Sri Dayan Warsi vs The National Law School Of India ... on 18 December, 2020

Author: Krishna S.Dixit

Bench: Krishna S.Dixit

                          1


  IN THE HIGH COURT OF KARNATAKA, BENGALURU            R
   DATED THIS THE 18TH DAY OF DECEMBER, 2020

                       BEFORE

       THE HON'BLE MR. JUSTICE KRISHNA S.DIXIT

       WRIT PETITION NO.9749 OF 2020 (EDN-RES)

BETWEEN:

SRI DAYAN WARSI
S/O MOHD. QAMAR,
AGED ABOUT 22 YEARS,
STUDENT,NATIONAL LAW SCHOOL OF INDIA
UNIVERSITY, BENGALURU
(SEEKING PROMOTION TO 4TH YEAR)
R/AT 592KA/353, VIKAS LANE,
DEFENCE COLONY, TELIBAGH,
LUCKNOW- 226025
                                       ... PETITIONER
(BY SRI. V R SARATHY, ADVOCATE)

AND:

1. THE VICE CHANCELLOR,
   THE NATIONAL LAW SCHOOL OF INDIA UNIVERSITY,
   TEACHERS COLONY,
   GNANABHARATHI ROAD,
   BENGALURU- 560 072

2. THE NATIONAL LAW SCHOOL OF INDIA UNIVERSITY,
   REPRESENTED BY ITS REGISTRAR,
   TEACHERS COLONY,
   GNANABHARATHI ROAD,
   BENGALURU- 560 072.
                                     ... RESPONDENTS
(BY SRI.ADITYA NARYANA, ADVOCATE)

      THIS WRIT PETITION IS FILED UNDER ARTICLES 226
AND 227 OF THE CONSTITUTION OF INDIA PRAYING TO
QUASH THE IMPUGNED ENDORSEMENT ISSUE BY THE R-2
UNIVERSITY DATED 31.07.2020 VIDE ANNEXURE-H AND THE
ORDER DATED 17.08.2020 PASSED BY THE R-1 AGAINST
THE APPEAL OF THE PETITIONER VIDE ANNEXURE-M
DENYING THE PETITIONER ADMISSION TO FOURTH YEAR
B.A.LL.B(HONS.) FOR THE ACADEMIC YEAR 2020-21 AND
AFTER PERUSAL SET ASIDE THE SAME AND ETC.,
                                   2


    THIS PETITION HAVING BEEN HEARD AND RESERVED
FOR ORDER, THIS DAY, THE COURT PRONOUNCED THE
FOLLOWING:

                             ORDER

Petitioner who is pursuing his law degree in the respondent-University having been denied admission to 4th year of the course, is knocking at the doors of writ court seeking a direction to promote him by quashing the impugned orders dated 31.07.2020 & 17.08.2020 respectively at Annexures-H & M whereby his academic progression to the next level has been retarded.

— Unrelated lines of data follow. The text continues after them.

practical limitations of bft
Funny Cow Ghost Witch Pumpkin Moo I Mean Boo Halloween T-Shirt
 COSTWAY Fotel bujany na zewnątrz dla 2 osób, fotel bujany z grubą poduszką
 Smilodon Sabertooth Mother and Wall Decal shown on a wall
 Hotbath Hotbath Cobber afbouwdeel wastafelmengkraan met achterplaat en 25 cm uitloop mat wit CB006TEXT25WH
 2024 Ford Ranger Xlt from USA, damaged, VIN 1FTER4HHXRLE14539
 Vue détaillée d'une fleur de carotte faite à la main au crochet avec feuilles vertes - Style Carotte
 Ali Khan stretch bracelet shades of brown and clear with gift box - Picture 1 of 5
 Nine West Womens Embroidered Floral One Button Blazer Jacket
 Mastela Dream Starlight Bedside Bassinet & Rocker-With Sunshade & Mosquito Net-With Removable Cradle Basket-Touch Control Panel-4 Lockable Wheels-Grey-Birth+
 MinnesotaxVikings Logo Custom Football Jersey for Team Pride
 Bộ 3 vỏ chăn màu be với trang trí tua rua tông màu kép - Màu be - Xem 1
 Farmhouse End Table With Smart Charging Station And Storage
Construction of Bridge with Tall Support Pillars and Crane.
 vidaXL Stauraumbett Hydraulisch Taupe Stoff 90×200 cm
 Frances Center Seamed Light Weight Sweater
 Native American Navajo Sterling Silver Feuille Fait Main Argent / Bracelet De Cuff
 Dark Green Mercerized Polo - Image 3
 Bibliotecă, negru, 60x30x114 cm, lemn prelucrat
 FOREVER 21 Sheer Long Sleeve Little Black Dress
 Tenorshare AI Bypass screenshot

2. After service of notice, the respondent-University and its Vice Chancellor having entered appearance through their advocate oppose the writ petition by filing a Statement of Objection on 17.10.2020; their counsel makes submission in justification of the impugned orders contending that: the Academic Examination Regulations [AER] being mandatory do not admit leniency; matters like this by their very nature need to be left to the University authorities sans judicial interference; lastly, petitioner's conduct disentitles him to any relief in the writ jurisdiction.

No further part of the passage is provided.